I concur with the article there is a radical economic shift from west to the east, especially with regards to China and India. For instance, I am aware that China is establishing massive industrial parks catalyzed by a robust population of skillful citizens and first class infrastructure. India is becoming a global ICT center supported by highly skilled youthful workers who are developing first generation technological applications and quality innovations at competitive market rates as compared to the counterparts in the western world. Despite the fact that the US had the highest global gross domestic product of 26%, which is more than the GDP of India and China combined, I concur that it is estimated that the trend will change by 2025. I believe that this will happen because the two eastern countries have not stretched their factors of production such as labor, technology, and market as compared to the US. Thus, I am convinced that the shift will continue as the Indian and Chinese economies become more competitive than the US in terms of skills, cost of production, and readily available market.
Rationale for Holding this View
The youthful and innovative Indians and Chinese are very optimistic that the economic shift will propel the two countries to become the new global business and innovation leader. The youths in the two countries are well positioned to tap into the underutilized knowledge skills to acquire competitive standing in business incubation and expansion since India and China have very large population that will provide the much needed ready market for the technology based products creating the youths (Cox par. 7). The motivated generations of youthful Chinese and Indian citizens are likely to transform India and China into the next United States by utilizing the current enormous technological and business capacity that is supplementary to create the first high quality and innovative incubational business opportunities. These changes will test industrialized nations’ true commitment to global and open trade since the surplus production, competitive cost of production, and high quality innovative products will be exported to all corners of the globe (Snowdon and Vane 37).
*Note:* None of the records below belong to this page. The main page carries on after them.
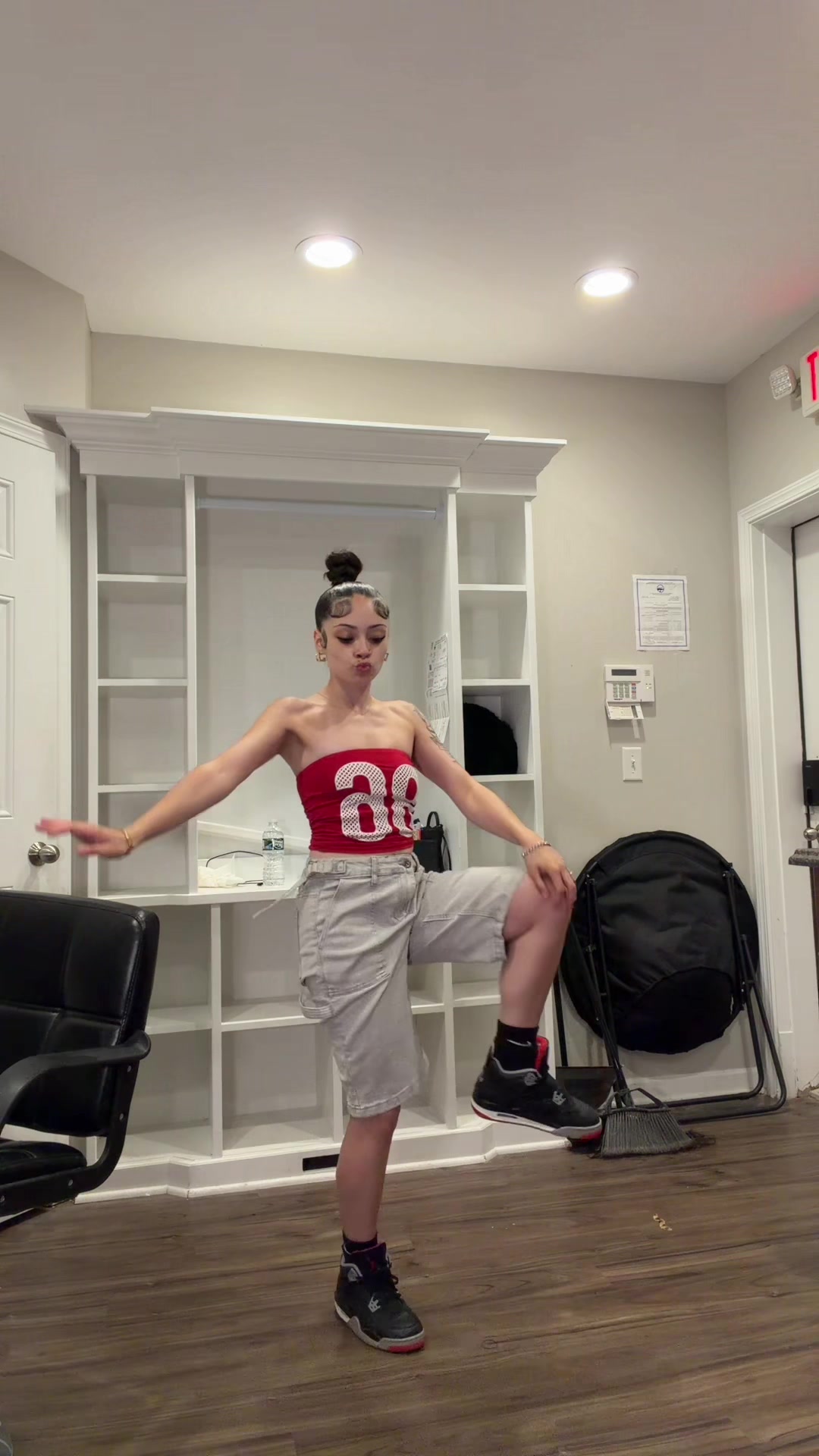 @Nisiana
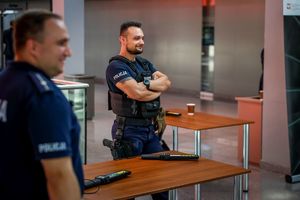 Międzynarodowy Salon Przemysłu Obronnego z udziałem policjantów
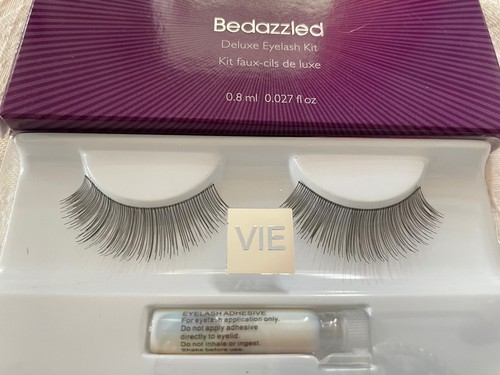 Pairs vie bedazzled - 10,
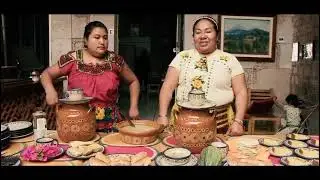 Disfruta del atole de cempasúchil, elaborado por cocineras tradicionales, una dulce bebida ancestral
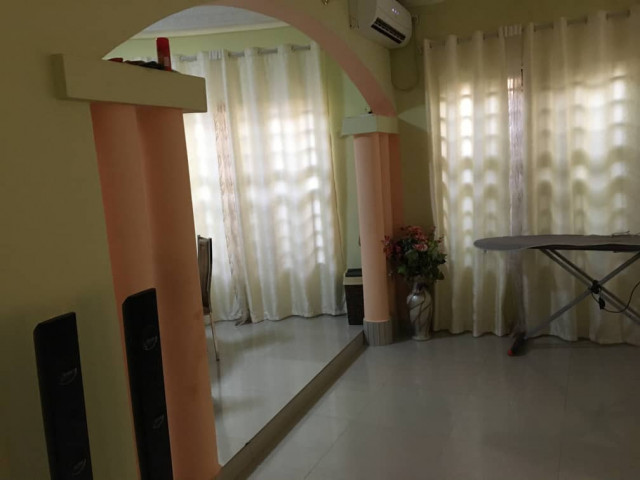 Maison à Sonfonia, Maisons, Conakry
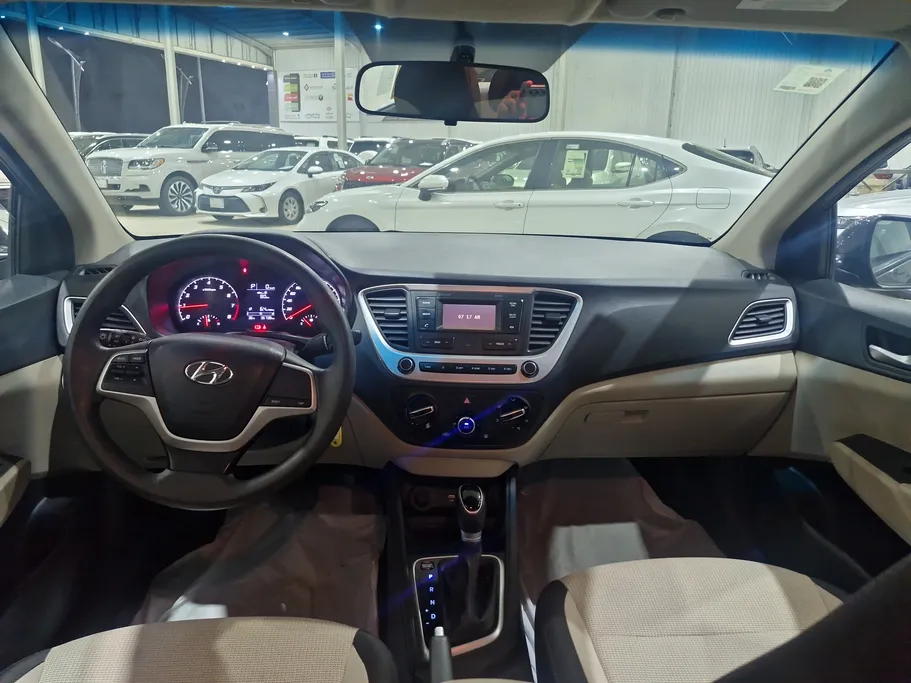 2023 Hyundai Accent Fleet 
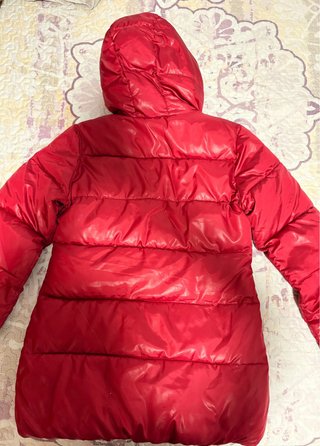 Chaqueta de pluma roja Benetton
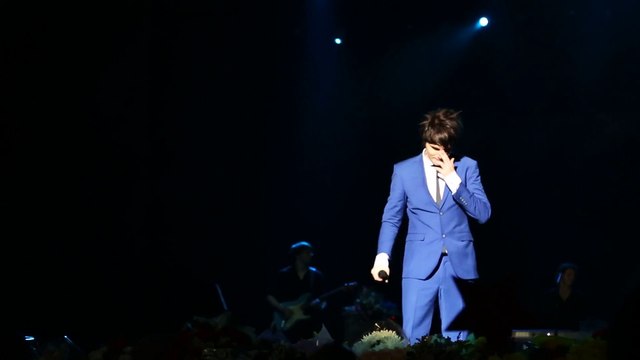 «Ну вот и всё» (фрагмент) А.Бон (Москва, Crocus, 29.05.2015) (Lucky Cola)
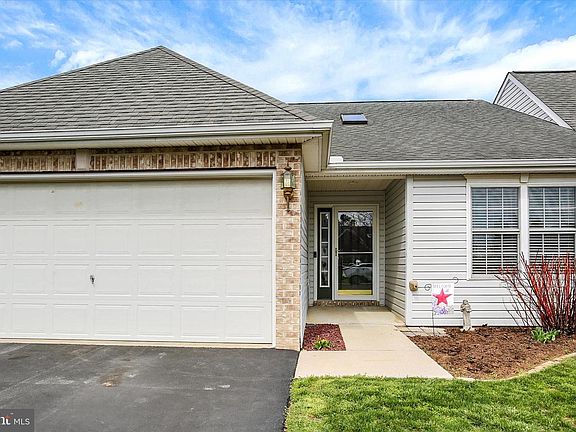 3rd image of 13 Ridgeway Dr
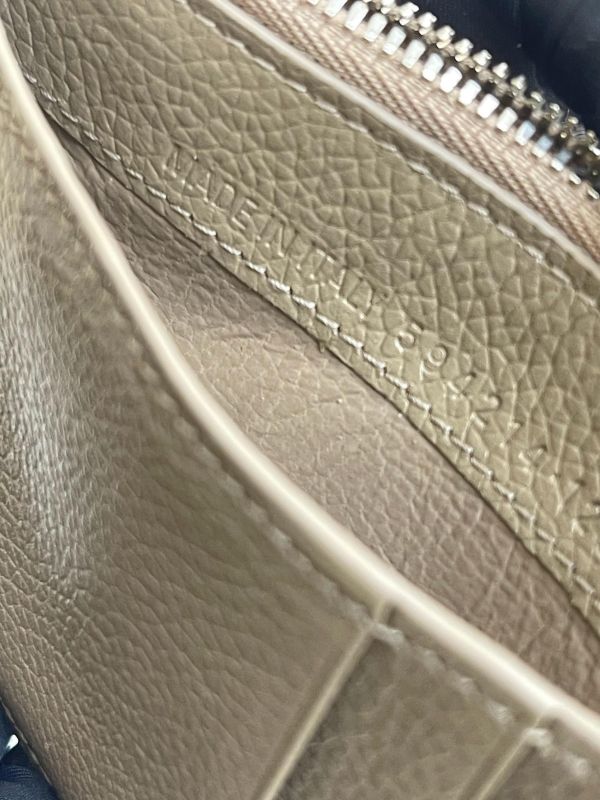 【未使用閒置品】BALENCIAGA 一字拉鍊零錢卡包 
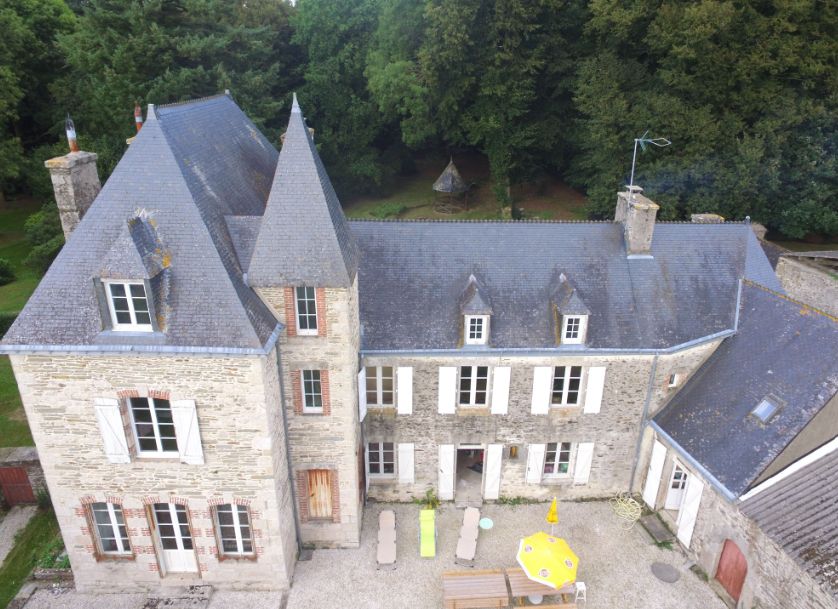 PONTIVY Morbihan Manoir datant de 1714 4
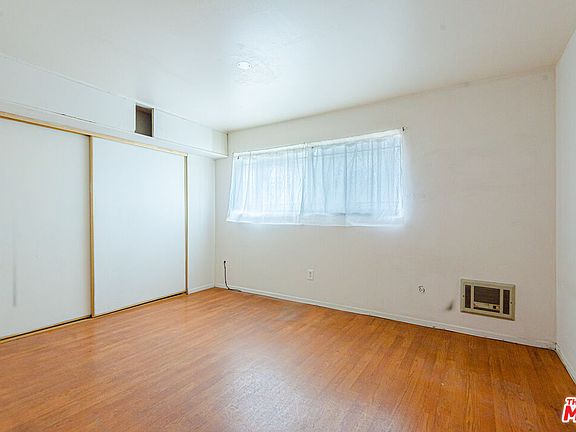 5th image of 719 N Eucalyptus Ave APT 6A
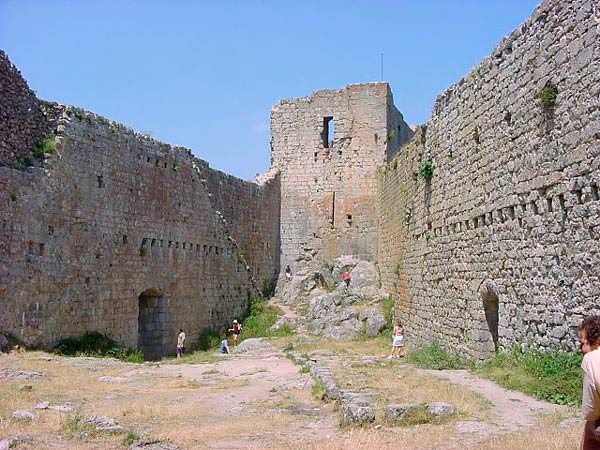 Castillo cátaro | Occitania | Raymond de Péreille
How the Article Applies to Macroeconomics
The article discusses the current economic position and predicts a shift in economic power from the west to east as the Easter bloc countries continue to position themselves as the next economic powers. The case study presents the continued shift of economic power from west to east due to the invaluable role of innovation, quality, competitive productivity, infrastructure, business incubation, and large ready market. Besides, India and China have experienced simultaneous takeoff as China assumes the role of manufacturing giant while India takes the role leading technology and service industries (McConnell and Macpherson 29). India has better banking industry while China’s competitive market continues to lure more investments. Though China is a head of India, this trend might change in the near future due to its younger work force. The increasing economic power in the two giants is related to the ability of India and China to complement each other. Besides, the consumers are rising in the two countries. For instance, India and China have more than 500 million internet and cellular phone users besides arise in the young professional in the fields of engineering, finance, and life sciences, which are market oriented (Cox par. 13).
The article predicts that the GDP of China and India will be 28% and 17% by 2025 against the shrinking of countries in the west due to expanding economies due to expansionary economic policies, high purchasing power, and skilled labor.
Cox, Michael. “Power Shifts, Economic Change and the Decline of the West”. UK Government Publications. 2012, Web.
McConnell, Campbell and David Macpherson. Contemporary Labor Economics. London, UK: McGraw-Hill Education, 2013. Print.
Snowdon, Brain, and Howard Vane. Modern Macroeconomics: Its Origins, Development and Current State. New York, NY: Cheltenham, 2005. Print.